Those who have been watching the linux-kernel list know that the 2.6.26 merge window has been a little rougher than some of those which came before. That has led to some fairly strong discussion over how changes find their way into the mainline. Here's a few selections.

I'm not saying the patch is wrong ... or that just because it broke voyager it shouldn't be done. What I'm saying is that it shouldn't have been put into the x86 tree without mailing list review.

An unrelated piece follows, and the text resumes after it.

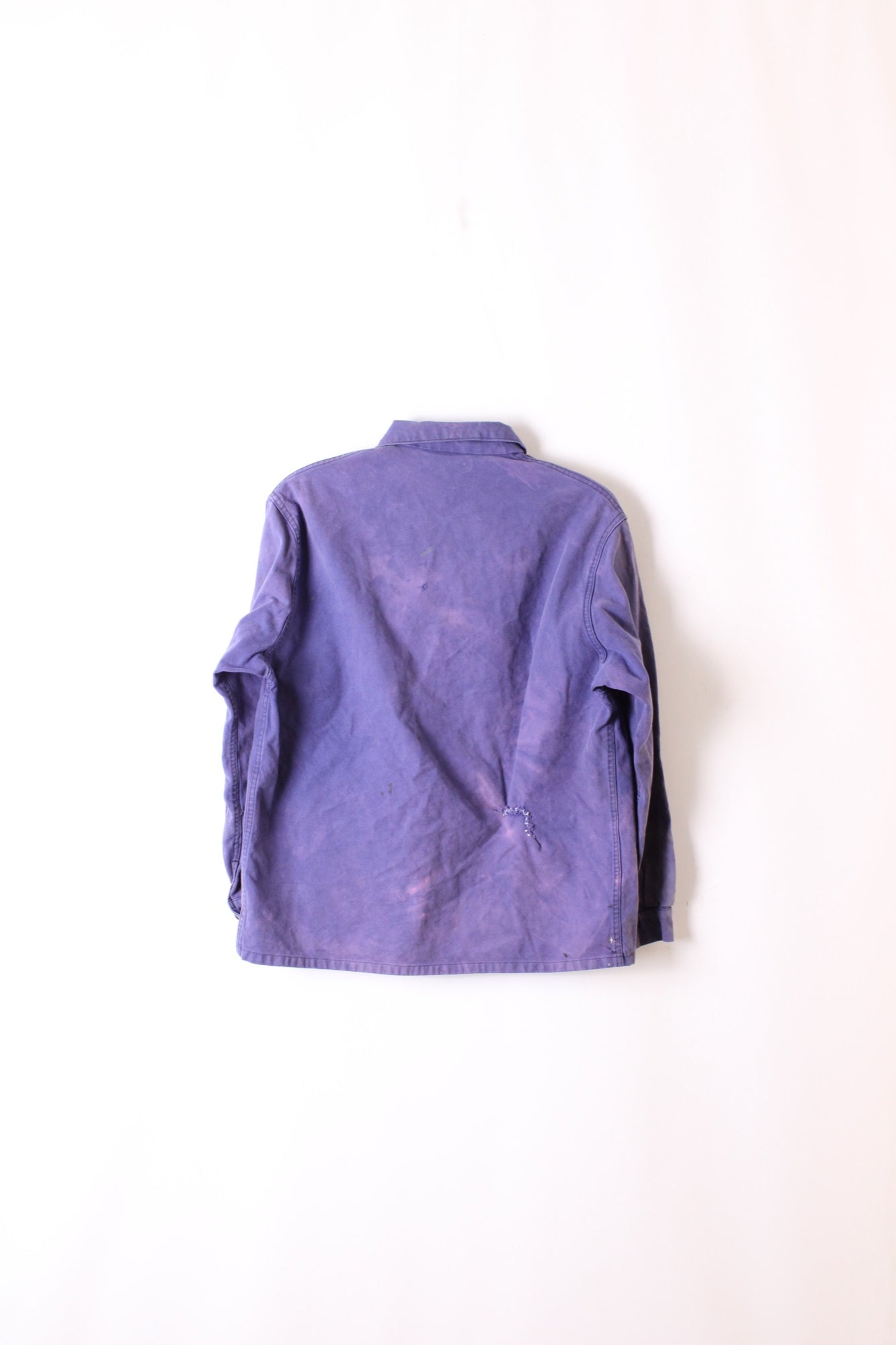 ADOLPHE LAFONT VINTAGE WORK CHORE JACKET SPLATTER BLEU DE TRAVAIL - L/XL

Running a git tree isn't a private fiefdom, it's a public trust; to keep the trust of other developers, you have to run the tree in a transparent fashion ... and making the mailing list the only input to it is one way of ensuring this. It also helps with review that we're all so worried about so little being done ...

-- James Bottomley

But, we'd not mind at all posting 1000 x86.git patches to lkml (or another list) every 3 months (or more frequently), if people request that.

-- Ingo Molnar

You can post whatever patches you like a million times to lkml. That's not the problem. It's that the patches don't get reviewed, posting them more or to a different place doesn't help that.

-- David Miller

Sorting x86 arch code is inevitably going to break a few eggs, but I suspect the time cost has been more in Dave v Ingo (12 rounds, two falls, two submissions or a knockout) than actually sorting out the fallout of a couple of problem cases.

-- Alan Cox

So here's how we're going to fix David's problem:

- Everyone gets their stuff into linux-next.

- Lots of people _test_ linux-next. Just once a week.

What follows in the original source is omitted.